"O benim sevgilim değil karım..."

Haberin Devamı

Evli erkekleri 14 Şubat sendromu sarmaya başlamıştı ki, çok iyi eğitim almış Batı’lı adam kendisine Sevgililer Günü’nde ne yapacağını soran arkadaşına bomba cevabı yapıştırdı:

“Benim için Sevgililer Günü yok... Ben evliyim... Beraber olduğum kadın, benim sevgilim değil, karım...”

Anladık 1800’li yılların başlarına kadar evlilik için aşk gerekmiyordu...

Sevgili olmadan da evlilik şirket gibi yönetiliyordu...

Bir çeşit çiftleşme, çocuk yapma ve ortak olarak hayatı ve malları yönetme işinin adıydı evlilik...

Oysa 200 yıldan fazla zaman geçti ki, artık evlilikler aşkla başlıyorlar, aşkla sürüyorlar, ilerde sevgiyi dönüştüğü söylense de kadın hala aşkın kıvılcımlarını yakalarım umuduyla, evliliğe sarılıyor...

Bir erkek karısını nasıl sevgili olarak görmez?..

Karısı onun sevgilisi değilse, neden karısıdır o zaman?..

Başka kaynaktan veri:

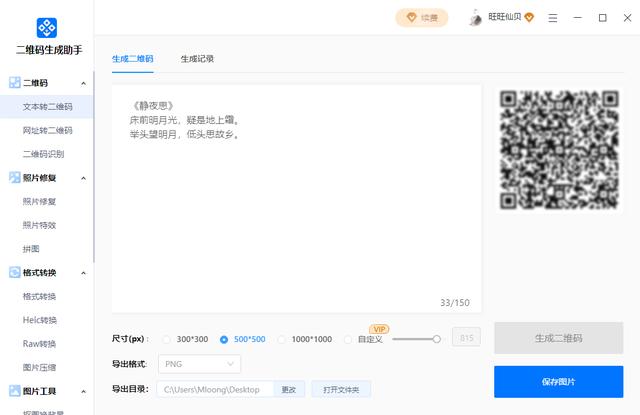 电脑识别二维码的方法缩略图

Bir erkek sevgilisi bile olamayacak bir kadınla, nasıl evlenebilir?..

Niye evlenir?..

Evlilik daha mı basit ve sıradan bir şeydir ki, sevgili olamayan kadınla koskoca bir hayat geçirilecektir?..

***


Böyle bir mantık, daha doğrusu böyle bir mantıksızlık olabilir mi?...

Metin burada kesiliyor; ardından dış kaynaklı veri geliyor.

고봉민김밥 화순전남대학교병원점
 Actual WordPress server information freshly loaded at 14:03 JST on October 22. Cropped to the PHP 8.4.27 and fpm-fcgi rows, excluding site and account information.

Eğer evlendiği kadın pek çok erkeğin düşündüğü gibi “sevgilin değil karınsa” o zaman senin bir hayat boyu sürdürmeyi planladığın evliliğin sevgiyle sürmüyor...

Ya neyle sürüyor peki?..

Sevgi ve aşk dışı nedenlerle?..

Nedir o nedenler?..

Para mı?..

Her istediğin dakika, ya da istediğin saatte yorulmadan cinsellik yaşayacak bir ortam mı?..

Eve geldiğinde yemeğinin yapılı, çamaşırının ütülü, evinin onarımlı ve donanımlı olması arzusu mu?..

Bir erkek nasıl olur da hayatını sevgi ve aşk dışı nedenlerle bir kadınla birlikte yaşamaya zorunlu kılabilir?..

Onu aşksız ve sevgisiz geçecek bir evliliğe kim zorluyor?..

Annesi mi, babası mı, toplum mu?..

Evlenmezse giyotine mi gidecektir?..

***


Evliliği sevgisizse, dışarda niye sevgili edinmektedir?..

Niçin bir erkeğin kafasına sevgili ile evlilik aynı karenin içine girmiyor?..

Bunlar aynı karenin içinde değillerse erkek niye evleniyor?..

Sevgilisi bile olamayan bir kadından, nasıl çocuk istiyor?..

Niye çocuk yapıyor?..

Aşık olmadığı bir kadınla niye 24 saat aynı evi paylaşıyor?..

İnsan saatlerini günlerini aylarını yıllarını mutlu geçirmek istemez mi?..

Sevgili olmadan bir evde geçirilen saatlere, günlere, aylara, yıllara yazık değil mi?..

Bir hayat bu kadar ucuz mu?..

Bu kadar değersiz mi?..

Bu kadar yeknesak mı?..

***


Yine 14 Şubat geliyor ve yine çevremdeki erkekleri afakanlar basıyor...

Yine dışarda sevgililer, içerde evliliklerden oluşan bitmez tükenmez dilema hayatları karatıyor...

Bir insan kendisine ve karşısındaki kadına bu kadar zulmeder mi?..

Hayatı göz göre göre bu kadar rezil eder mi?..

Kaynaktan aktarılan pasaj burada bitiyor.